Task to carry out: Beginning at the line with "Deep kitchen drawer" in the records below, return each line up to and including the last, exactly as it stands, but not the pictures.

Short descriptive text snippets:
━━━━

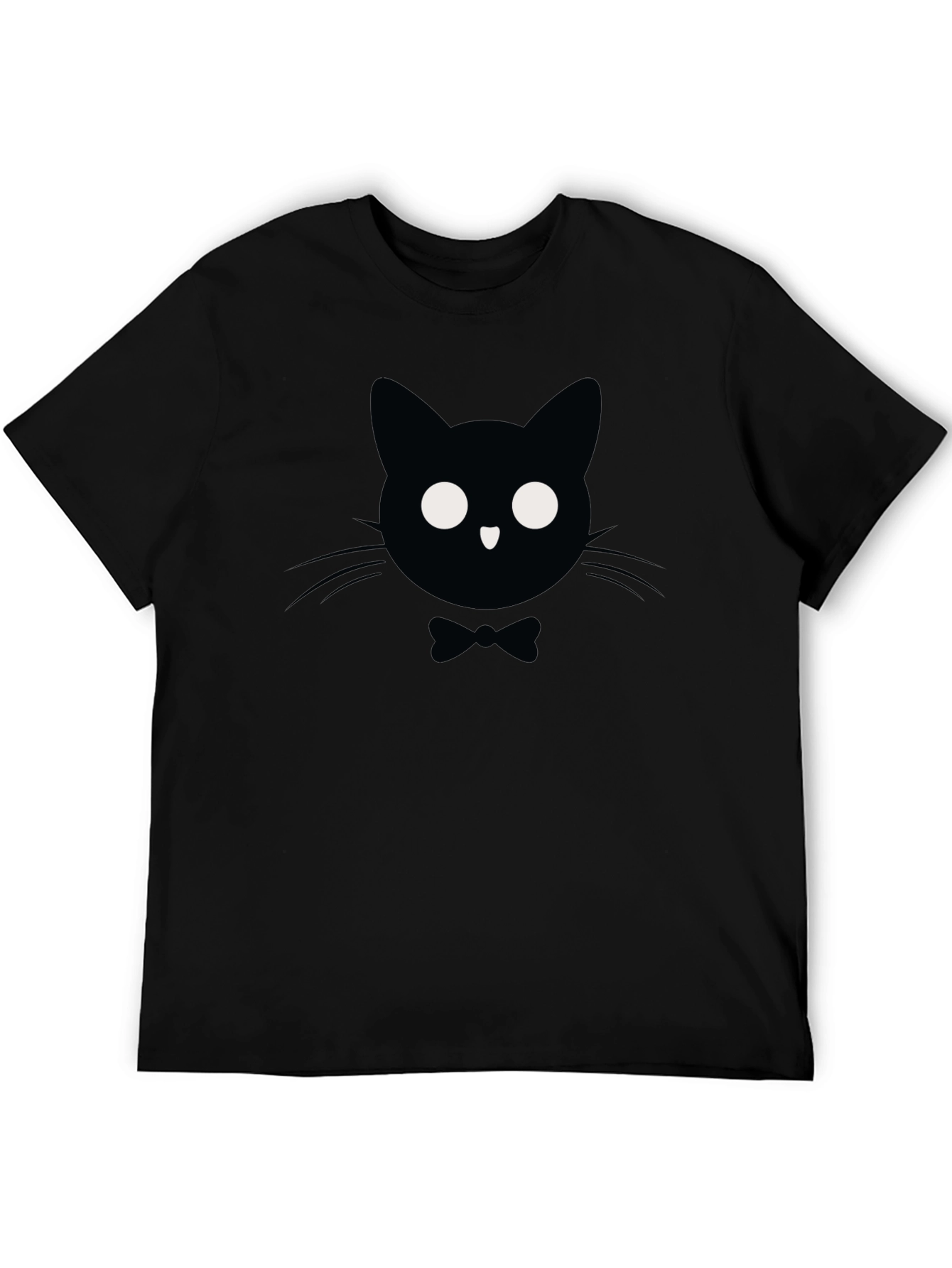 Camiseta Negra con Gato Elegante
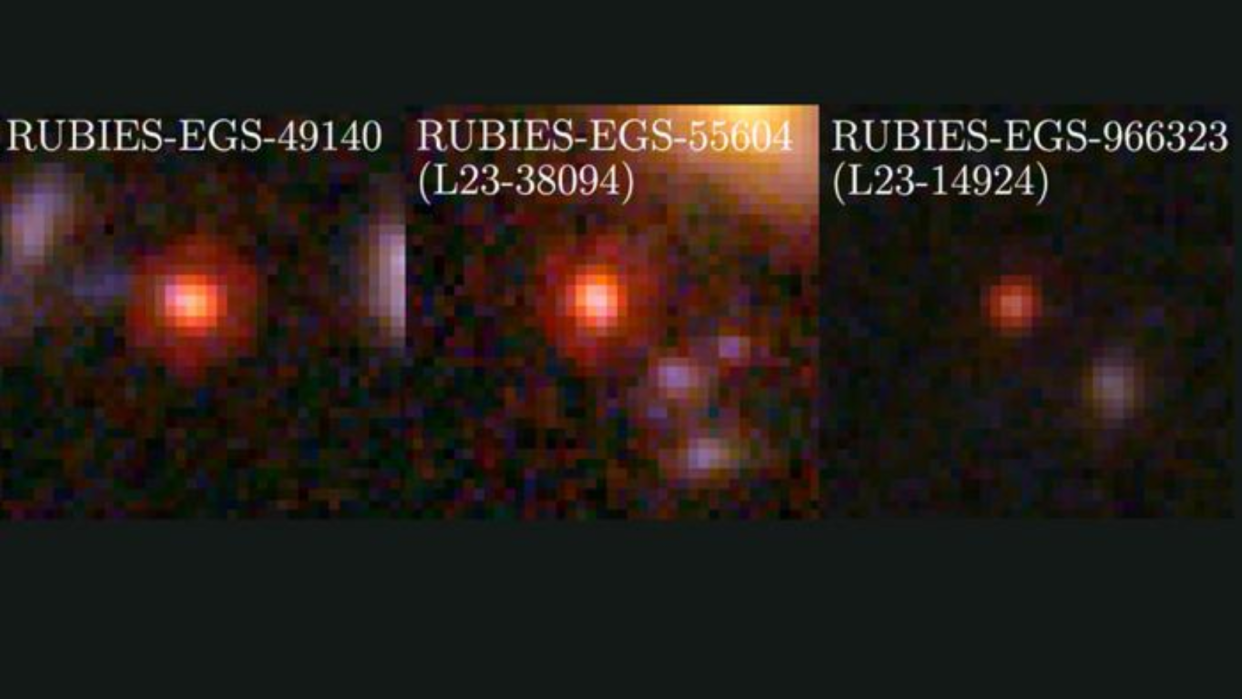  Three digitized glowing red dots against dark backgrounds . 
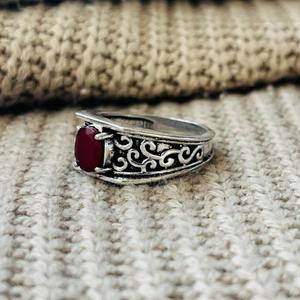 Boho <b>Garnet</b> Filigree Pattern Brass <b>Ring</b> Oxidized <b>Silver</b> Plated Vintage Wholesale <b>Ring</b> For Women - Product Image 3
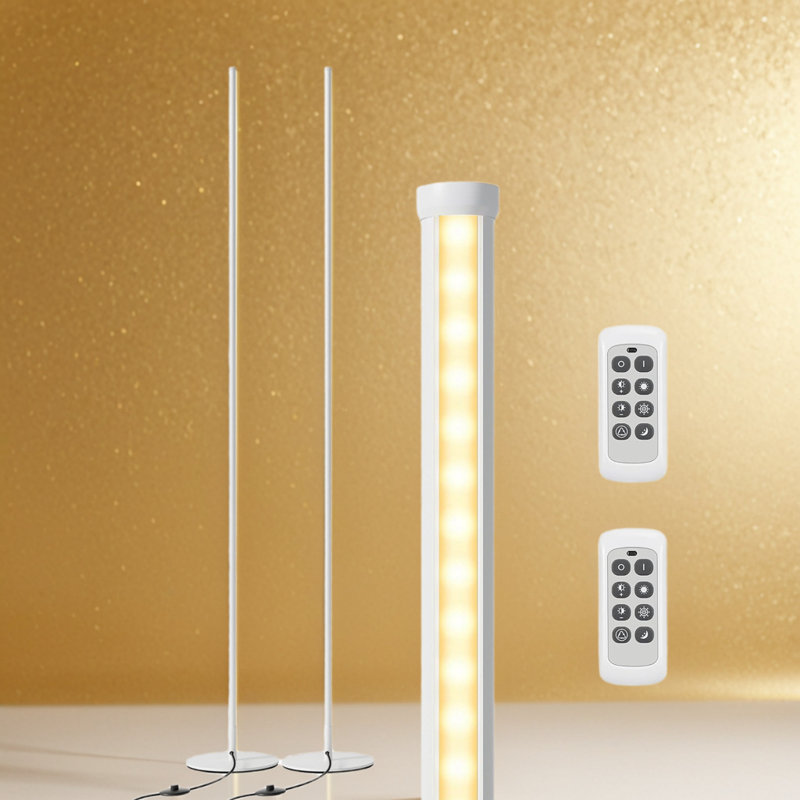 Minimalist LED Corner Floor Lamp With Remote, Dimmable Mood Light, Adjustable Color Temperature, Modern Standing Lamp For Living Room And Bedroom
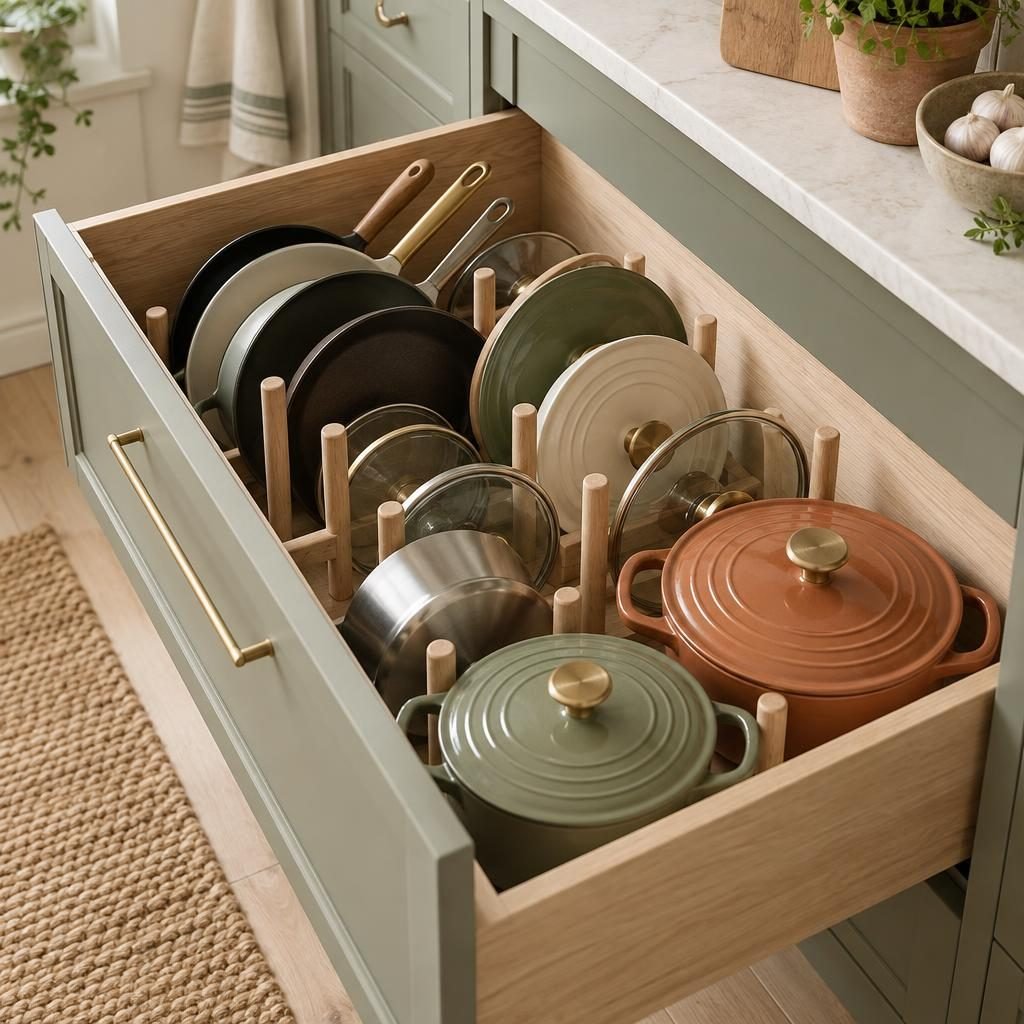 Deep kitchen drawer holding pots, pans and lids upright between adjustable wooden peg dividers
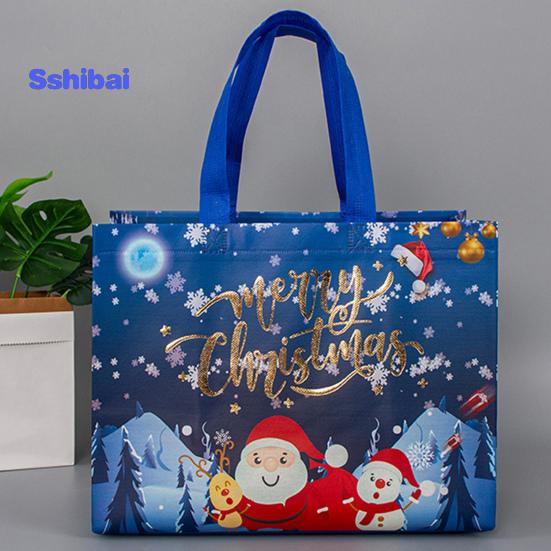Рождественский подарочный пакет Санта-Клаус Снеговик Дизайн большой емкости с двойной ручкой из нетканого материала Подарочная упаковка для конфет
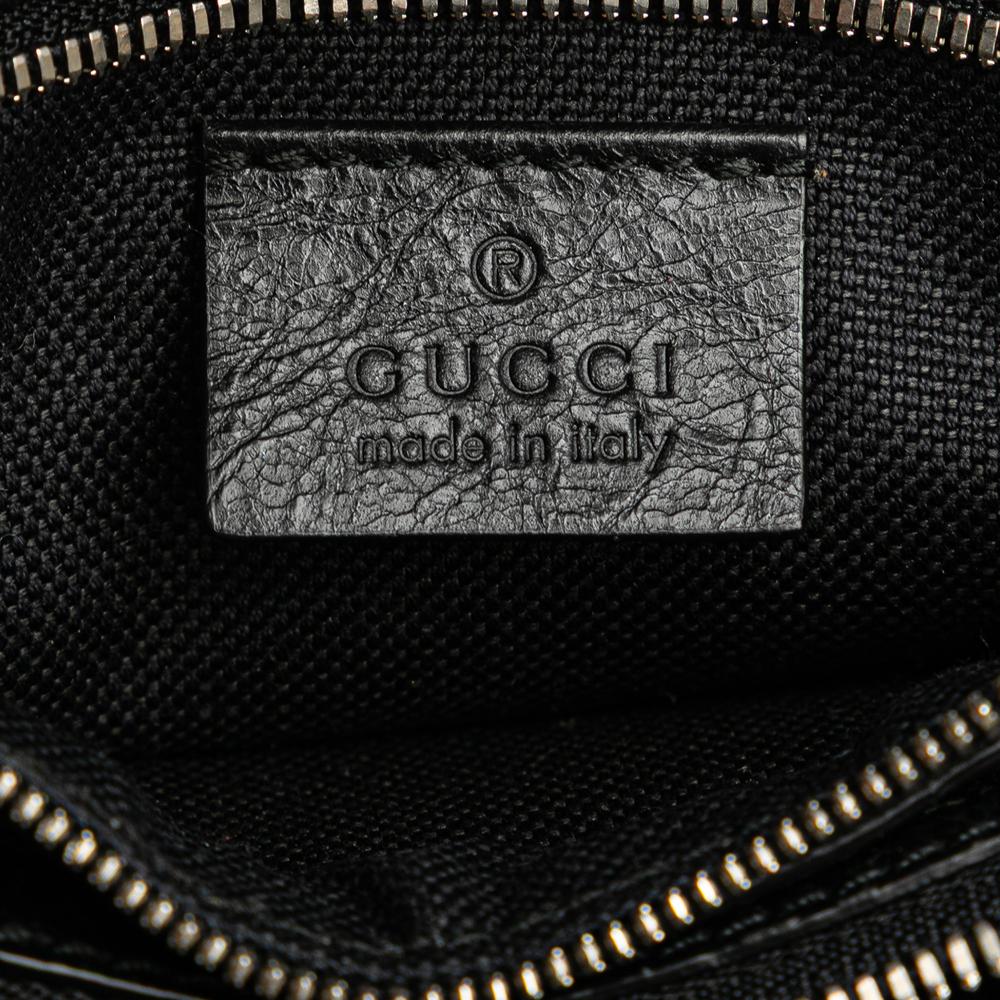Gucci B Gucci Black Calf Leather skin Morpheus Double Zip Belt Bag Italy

━━━━

Result of this task:
 Deep kitchen drawer holding pots, pans and lids upright between adjustable wooden peg dividers
Рождественский подарочный пакет Санта-Клаус Снеговик Дизайн большой емкости с двойной ручкой из нетканого материала Подарочная упаковка для конфет
Gucci B Gucci Black Calf Leather skin Morpheus Double Zip Belt Bag Italy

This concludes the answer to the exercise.